In the records below, find the line that contains "Pancake/egg/bacon" and the line that contains "Επιφάνεια τραπεζιού Sensie", then retype exactly those two lines and every line between them.

_SOURCE MATERIAL_
■ ■ ■ ■ ■ ■ ■

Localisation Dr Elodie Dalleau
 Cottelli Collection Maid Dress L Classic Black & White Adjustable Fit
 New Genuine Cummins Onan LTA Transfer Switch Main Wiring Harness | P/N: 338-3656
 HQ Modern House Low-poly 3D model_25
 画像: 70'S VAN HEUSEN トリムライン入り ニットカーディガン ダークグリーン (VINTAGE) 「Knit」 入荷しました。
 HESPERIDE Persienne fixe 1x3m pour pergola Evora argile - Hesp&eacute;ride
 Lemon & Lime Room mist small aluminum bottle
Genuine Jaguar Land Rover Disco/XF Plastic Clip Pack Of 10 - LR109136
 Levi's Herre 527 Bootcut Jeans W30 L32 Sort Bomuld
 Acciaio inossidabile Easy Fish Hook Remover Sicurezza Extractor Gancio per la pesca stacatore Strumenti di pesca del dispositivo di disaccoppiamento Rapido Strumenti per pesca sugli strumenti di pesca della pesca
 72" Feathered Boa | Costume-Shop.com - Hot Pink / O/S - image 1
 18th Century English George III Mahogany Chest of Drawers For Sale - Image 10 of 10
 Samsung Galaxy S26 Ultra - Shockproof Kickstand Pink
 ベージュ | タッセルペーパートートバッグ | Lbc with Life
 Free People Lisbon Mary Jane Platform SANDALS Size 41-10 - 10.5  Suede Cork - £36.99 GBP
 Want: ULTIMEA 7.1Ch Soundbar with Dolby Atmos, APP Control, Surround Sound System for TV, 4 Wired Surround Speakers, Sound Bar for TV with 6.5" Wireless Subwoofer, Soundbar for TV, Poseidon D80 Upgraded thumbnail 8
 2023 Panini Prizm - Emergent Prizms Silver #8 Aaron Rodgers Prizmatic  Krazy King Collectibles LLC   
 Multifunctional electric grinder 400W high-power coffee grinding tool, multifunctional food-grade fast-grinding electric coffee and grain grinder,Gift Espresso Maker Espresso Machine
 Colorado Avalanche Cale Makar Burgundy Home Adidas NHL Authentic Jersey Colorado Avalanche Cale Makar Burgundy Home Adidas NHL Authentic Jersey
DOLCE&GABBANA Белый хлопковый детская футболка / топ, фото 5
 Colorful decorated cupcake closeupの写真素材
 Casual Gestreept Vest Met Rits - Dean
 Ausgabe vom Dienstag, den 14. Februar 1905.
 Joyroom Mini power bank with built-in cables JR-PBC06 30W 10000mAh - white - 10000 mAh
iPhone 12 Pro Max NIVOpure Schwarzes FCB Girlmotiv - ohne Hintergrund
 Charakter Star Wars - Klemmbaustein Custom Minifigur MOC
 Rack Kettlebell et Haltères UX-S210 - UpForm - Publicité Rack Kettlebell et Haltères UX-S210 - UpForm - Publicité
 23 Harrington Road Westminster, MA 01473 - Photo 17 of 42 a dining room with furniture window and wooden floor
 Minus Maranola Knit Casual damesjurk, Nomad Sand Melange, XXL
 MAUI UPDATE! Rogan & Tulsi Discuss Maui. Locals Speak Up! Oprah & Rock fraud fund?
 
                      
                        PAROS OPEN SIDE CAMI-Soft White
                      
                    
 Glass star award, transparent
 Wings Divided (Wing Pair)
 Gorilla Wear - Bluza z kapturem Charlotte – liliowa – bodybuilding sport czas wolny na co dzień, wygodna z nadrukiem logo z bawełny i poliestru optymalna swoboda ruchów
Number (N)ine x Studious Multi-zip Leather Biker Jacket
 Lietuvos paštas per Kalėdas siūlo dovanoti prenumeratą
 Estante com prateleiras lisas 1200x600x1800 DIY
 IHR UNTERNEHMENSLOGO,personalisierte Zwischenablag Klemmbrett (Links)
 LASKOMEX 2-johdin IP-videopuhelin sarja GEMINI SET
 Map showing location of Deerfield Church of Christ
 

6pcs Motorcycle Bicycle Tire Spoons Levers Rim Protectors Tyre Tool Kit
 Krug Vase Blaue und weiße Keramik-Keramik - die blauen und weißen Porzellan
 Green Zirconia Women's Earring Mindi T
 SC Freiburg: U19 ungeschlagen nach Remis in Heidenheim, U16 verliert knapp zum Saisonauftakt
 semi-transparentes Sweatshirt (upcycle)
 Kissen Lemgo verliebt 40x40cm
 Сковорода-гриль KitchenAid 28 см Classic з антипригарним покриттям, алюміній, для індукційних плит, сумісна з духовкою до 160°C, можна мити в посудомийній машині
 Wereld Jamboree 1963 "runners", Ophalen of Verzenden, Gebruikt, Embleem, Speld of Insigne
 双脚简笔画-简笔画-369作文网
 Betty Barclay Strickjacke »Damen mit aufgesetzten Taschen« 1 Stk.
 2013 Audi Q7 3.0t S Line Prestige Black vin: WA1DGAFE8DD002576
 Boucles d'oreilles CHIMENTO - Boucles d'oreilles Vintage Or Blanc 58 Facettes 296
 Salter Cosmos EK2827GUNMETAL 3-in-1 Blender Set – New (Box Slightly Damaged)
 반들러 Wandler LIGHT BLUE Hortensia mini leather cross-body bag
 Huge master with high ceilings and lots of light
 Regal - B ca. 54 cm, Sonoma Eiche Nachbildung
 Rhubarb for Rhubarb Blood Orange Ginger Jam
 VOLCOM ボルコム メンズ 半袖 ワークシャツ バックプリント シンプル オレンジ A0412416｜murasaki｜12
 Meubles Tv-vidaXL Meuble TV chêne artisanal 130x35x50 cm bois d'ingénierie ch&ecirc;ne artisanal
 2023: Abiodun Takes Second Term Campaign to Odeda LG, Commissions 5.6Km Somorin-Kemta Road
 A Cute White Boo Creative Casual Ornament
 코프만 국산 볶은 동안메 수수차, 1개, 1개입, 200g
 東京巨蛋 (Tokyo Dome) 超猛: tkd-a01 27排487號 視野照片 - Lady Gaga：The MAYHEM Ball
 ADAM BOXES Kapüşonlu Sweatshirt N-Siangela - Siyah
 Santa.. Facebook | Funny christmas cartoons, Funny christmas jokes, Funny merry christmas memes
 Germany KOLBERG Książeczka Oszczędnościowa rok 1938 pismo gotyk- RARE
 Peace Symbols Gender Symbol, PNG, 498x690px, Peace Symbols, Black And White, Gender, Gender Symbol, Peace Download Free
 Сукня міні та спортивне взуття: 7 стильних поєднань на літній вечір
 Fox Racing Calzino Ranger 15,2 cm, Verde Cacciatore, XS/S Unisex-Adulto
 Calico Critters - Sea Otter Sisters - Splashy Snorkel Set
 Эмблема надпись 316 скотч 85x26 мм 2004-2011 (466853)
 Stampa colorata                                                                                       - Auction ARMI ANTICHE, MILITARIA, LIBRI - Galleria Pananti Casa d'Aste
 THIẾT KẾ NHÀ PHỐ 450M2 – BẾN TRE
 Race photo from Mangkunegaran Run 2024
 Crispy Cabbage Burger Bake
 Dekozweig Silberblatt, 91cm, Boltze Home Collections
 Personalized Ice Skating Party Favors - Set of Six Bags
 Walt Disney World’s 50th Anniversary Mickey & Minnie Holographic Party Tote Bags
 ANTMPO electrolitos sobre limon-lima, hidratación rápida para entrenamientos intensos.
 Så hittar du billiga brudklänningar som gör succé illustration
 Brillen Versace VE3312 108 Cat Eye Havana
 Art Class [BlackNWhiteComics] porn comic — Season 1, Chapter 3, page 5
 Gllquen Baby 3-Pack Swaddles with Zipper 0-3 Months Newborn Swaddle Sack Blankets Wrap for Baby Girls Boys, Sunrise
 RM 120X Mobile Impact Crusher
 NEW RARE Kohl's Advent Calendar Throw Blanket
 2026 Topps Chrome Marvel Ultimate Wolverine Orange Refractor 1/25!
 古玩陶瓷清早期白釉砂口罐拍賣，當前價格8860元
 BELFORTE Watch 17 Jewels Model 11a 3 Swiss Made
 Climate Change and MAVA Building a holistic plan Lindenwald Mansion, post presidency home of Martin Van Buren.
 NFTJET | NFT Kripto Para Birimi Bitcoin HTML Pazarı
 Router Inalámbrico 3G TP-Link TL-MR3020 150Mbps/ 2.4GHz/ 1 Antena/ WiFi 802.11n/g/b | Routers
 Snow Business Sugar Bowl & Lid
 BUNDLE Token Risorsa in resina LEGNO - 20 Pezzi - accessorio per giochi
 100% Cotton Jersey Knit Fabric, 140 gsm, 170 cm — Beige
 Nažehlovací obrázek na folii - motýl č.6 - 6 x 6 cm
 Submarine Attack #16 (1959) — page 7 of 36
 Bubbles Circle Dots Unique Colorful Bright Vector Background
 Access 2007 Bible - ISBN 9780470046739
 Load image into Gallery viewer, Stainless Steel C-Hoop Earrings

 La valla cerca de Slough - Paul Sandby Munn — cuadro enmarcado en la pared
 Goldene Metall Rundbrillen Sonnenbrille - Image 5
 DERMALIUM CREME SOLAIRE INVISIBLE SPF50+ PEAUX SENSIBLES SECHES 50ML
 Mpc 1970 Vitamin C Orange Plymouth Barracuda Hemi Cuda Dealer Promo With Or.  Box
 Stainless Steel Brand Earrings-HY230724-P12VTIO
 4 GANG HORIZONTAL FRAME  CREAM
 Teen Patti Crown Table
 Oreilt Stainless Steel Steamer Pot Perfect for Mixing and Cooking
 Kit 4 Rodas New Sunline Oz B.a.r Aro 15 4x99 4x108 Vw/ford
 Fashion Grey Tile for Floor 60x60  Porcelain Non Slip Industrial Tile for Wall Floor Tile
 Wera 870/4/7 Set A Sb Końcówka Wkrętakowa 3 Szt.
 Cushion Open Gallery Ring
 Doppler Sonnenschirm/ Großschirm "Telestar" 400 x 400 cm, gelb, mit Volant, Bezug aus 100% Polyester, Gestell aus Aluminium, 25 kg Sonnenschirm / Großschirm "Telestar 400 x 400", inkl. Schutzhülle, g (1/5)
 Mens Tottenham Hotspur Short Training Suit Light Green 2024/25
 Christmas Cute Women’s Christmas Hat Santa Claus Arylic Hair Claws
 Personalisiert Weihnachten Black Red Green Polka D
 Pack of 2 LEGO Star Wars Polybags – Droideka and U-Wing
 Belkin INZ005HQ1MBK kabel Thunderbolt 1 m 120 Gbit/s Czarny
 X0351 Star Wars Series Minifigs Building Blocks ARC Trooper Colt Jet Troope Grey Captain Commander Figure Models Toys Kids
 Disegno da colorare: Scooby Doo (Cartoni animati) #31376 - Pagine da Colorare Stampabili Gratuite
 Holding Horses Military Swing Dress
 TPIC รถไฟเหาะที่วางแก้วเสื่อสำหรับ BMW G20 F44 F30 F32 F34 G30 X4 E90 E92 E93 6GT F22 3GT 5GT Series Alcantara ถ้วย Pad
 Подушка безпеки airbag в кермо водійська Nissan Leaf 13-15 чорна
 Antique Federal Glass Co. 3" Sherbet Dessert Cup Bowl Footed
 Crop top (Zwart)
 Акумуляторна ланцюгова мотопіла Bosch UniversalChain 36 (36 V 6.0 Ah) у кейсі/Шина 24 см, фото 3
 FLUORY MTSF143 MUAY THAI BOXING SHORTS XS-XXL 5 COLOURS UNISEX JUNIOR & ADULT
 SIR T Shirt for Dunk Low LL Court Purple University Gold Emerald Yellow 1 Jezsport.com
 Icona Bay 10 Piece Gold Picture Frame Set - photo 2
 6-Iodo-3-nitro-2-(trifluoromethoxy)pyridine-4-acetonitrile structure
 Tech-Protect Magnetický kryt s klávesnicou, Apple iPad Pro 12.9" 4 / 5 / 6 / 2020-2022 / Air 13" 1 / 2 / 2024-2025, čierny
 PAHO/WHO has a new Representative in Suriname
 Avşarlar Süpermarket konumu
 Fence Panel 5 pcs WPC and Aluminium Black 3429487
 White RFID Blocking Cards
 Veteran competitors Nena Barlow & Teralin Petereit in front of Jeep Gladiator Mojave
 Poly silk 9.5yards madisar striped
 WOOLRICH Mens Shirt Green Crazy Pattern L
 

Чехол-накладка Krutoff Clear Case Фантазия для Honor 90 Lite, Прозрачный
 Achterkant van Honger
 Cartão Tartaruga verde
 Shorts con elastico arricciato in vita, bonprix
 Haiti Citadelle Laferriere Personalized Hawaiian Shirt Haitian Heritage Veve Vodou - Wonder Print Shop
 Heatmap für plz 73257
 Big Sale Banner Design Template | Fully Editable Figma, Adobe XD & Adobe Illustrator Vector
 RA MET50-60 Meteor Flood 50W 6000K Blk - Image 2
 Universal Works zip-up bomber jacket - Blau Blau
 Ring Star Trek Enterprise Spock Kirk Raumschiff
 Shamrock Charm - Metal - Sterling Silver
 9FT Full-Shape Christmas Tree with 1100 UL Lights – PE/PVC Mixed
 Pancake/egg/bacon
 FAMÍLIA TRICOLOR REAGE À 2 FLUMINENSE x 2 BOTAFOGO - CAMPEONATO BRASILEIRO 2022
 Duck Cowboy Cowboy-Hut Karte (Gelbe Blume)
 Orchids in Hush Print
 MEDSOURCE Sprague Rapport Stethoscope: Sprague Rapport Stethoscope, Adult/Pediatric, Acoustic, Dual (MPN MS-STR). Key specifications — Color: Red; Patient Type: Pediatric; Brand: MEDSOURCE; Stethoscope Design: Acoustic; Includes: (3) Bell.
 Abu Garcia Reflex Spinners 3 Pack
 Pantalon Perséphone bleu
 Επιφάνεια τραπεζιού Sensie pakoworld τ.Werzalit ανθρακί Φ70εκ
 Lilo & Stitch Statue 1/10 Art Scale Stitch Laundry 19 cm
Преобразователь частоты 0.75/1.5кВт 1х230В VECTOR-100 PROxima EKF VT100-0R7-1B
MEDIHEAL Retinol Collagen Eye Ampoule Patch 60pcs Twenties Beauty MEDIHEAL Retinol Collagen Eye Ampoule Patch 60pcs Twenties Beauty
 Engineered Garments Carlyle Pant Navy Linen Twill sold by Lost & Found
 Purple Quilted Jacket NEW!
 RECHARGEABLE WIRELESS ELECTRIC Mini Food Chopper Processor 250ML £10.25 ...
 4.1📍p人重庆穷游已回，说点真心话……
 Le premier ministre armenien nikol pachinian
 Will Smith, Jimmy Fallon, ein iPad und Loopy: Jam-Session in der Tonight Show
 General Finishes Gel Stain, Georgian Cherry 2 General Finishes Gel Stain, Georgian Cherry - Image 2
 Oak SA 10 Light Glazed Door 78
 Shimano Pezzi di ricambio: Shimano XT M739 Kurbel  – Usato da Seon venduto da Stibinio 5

■ ■ ■ ■ ■ ■ ■

_TASK SOLUTION_
 Pancake/egg/bacon
 FAMÍLIA TRICOLOR REAGE À 2 FLUMINENSE x 2 BOTAFOGO - CAMPEONATO BRASILEIRO 2022
 Duck Cowboy Cowboy-Hut Karte (Gelbe Blume)
 Orchids in Hush Print
 MEDSOURCE Sprague Rapport Stethoscope: Sprague Rapport Stethoscope, Adult/Pediatric, Acoustic, Dual (MPN MS-STR). Key specifications — Color: Red; Patient Type: Pediatric; Brand: MEDSOURCE; Stethoscope Design: Acoustic; Includes: (3) Bell.
 Abu Garcia Reflex Spinners 3 Pack
 Pantalon Perséphone bleu
 Επιφάνεια τραπεζιού Sensie pakoworld τ.Werzalit ανθρακί Φ70εκ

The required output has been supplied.